Direct recursion detection possible?

Cecil Ward cecil at cecilward.com
Thu May 25 08:03:24 UTC 2023


On Thursday, 25 May 2023 at 02:30:35 UTC, Steven Schveighoffer 
wrote:
> On 5/24/23 7:04 PM, Cecil Ward wrote:
>
>> Is it possible for our compilers to detect direct infinite 
>> recursion ? I’m ignoring the indirect call case, and I’m also 
>> ignoring anything involving function pointers, so given those 
>> restrictions, we will be able to see that the generated code 
>> of a routine is calling its own address, because that address 
>> is a literal and we know what the current function is that 
>> we’re currently in.
>
> Not in the general case. Direct recursion is a common pattern 
> (direct inifite recursion obviously is not desired, but 
> detecting that is the halting problem).
>
> -Steve

Understood, quite so. Indeed that’s why I kept it to ‘direct’. Is 
anyone up for helping me deal with that one limited case of 
direct straight loops ?

This one case could even be detected in a backend, for want of a 
better solution. Just one limited common pattern, when spotted in 
the machine code generation, on seeing the "l1: jmp l1" pattern, 
which is without content from any basic block in the body, when 
an unconditional jump target is put to the output, that match 
then spots the pattern and triggers the output of an error level 
message for the user in the error listing and prevents object 
file output. Of course a check at a much higher level for this 
one specific pattern would be far better.

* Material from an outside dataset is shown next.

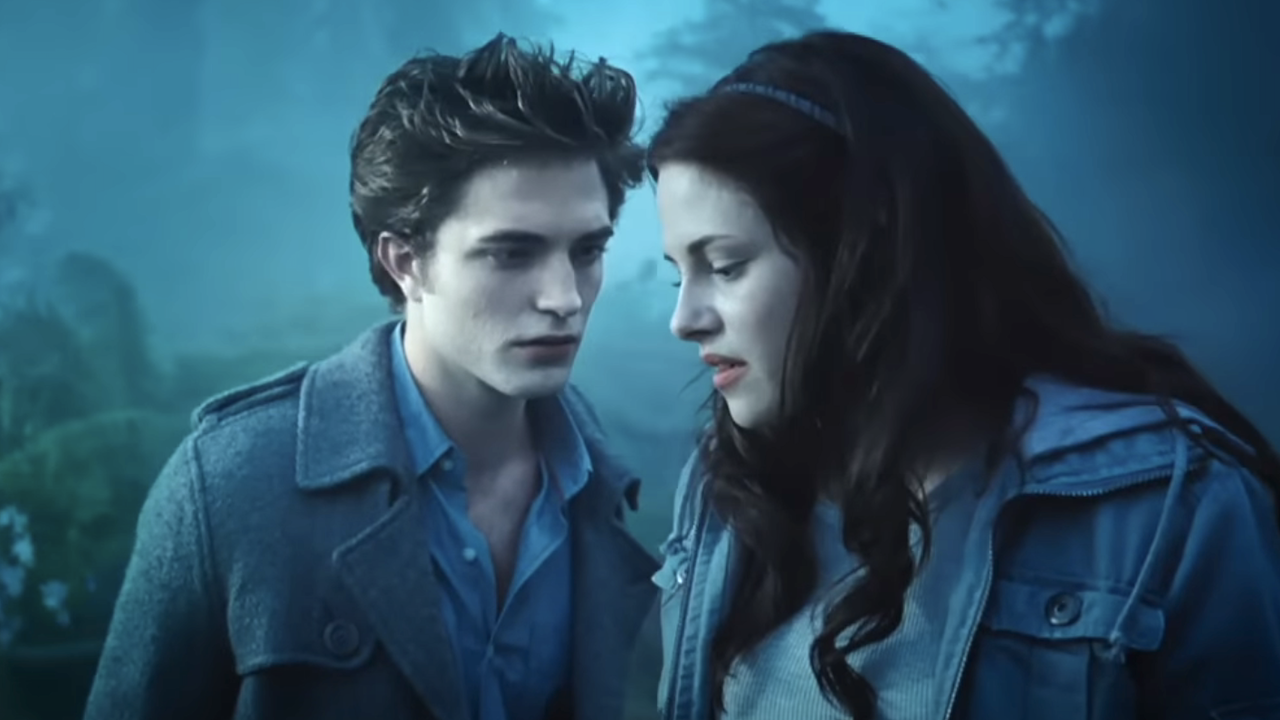 Robert Pattinson and Kristen Stewart facing each other in a forest in Twilight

It’s only my own opinion, but it does seem a worthwhile specific 
error checking case to me, having been bitten by it for the first 
time, because I get any message at all. Spotting "l1: jmp l1" 
could be almost like a regex but I wouldn’t think that’s how 
things work. Nor I wouldn’t think that that’s necessarily the 
right place for such detection. There’s perhaps a ‘right’ place 
higher up. But I’m out of my depth with compiler innards here.

Would other users also like the safety of direct loop detection? 
Whether or not it comes from recursion, that is. A bad loop 
condition test too would be another case, where the compiler has 
worked out that the condition has a known boolean value.